DESCRIPTION OF THE TASK> Would you copy, word for word, each line from the one with "Elm Wheel Hub" to the end of the listing below, skipping all pictures?

DATASET SECTION>
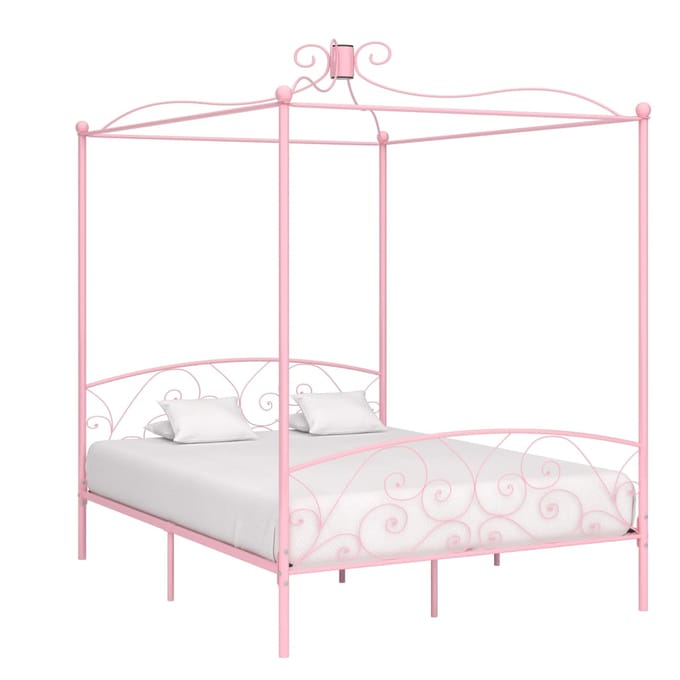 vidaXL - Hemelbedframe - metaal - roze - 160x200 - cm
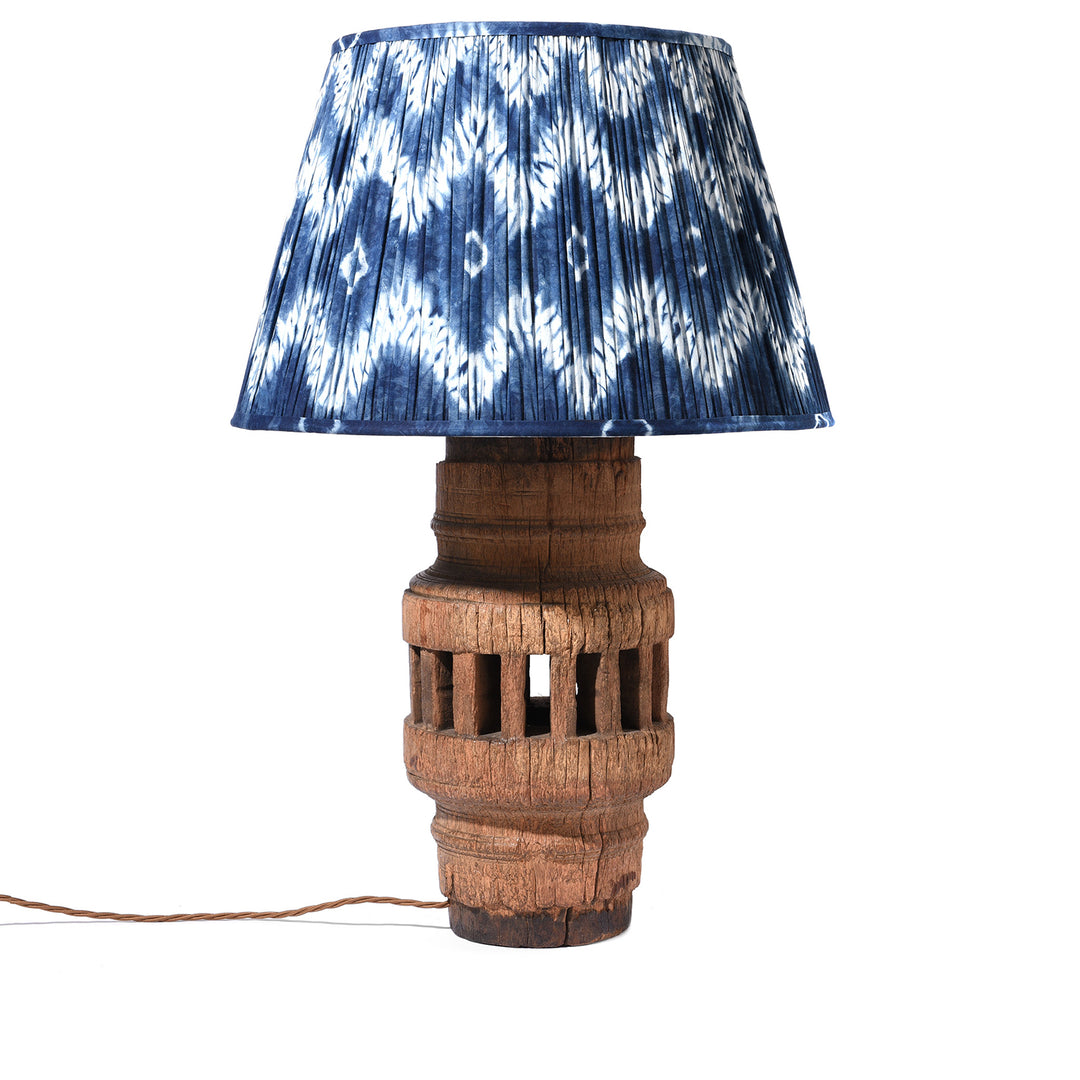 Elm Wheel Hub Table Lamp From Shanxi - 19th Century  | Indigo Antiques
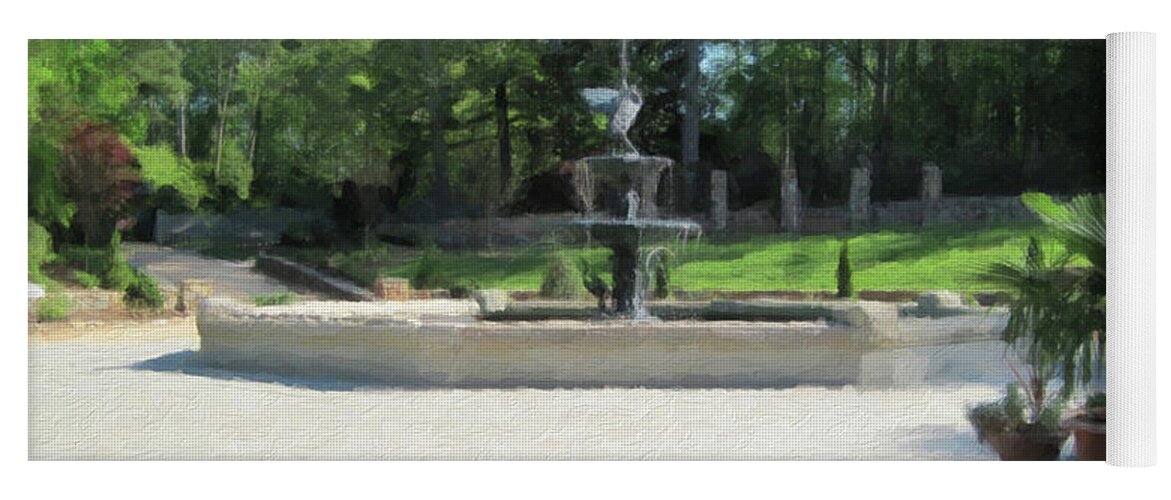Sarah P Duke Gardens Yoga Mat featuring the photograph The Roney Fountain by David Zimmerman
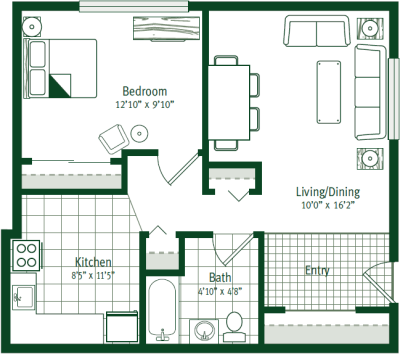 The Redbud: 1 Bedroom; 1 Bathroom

TASK OUTPUT>
 Elm Wheel Hub Table Lamp From Shanxi - 19th Century  | Indigo Antiques
Sarah P Duke Gardens Yoga Mat featuring the photograph The Roney Fountain by David Zimmerman
 The Redbud: 1 Bedroom; 1 Bathroom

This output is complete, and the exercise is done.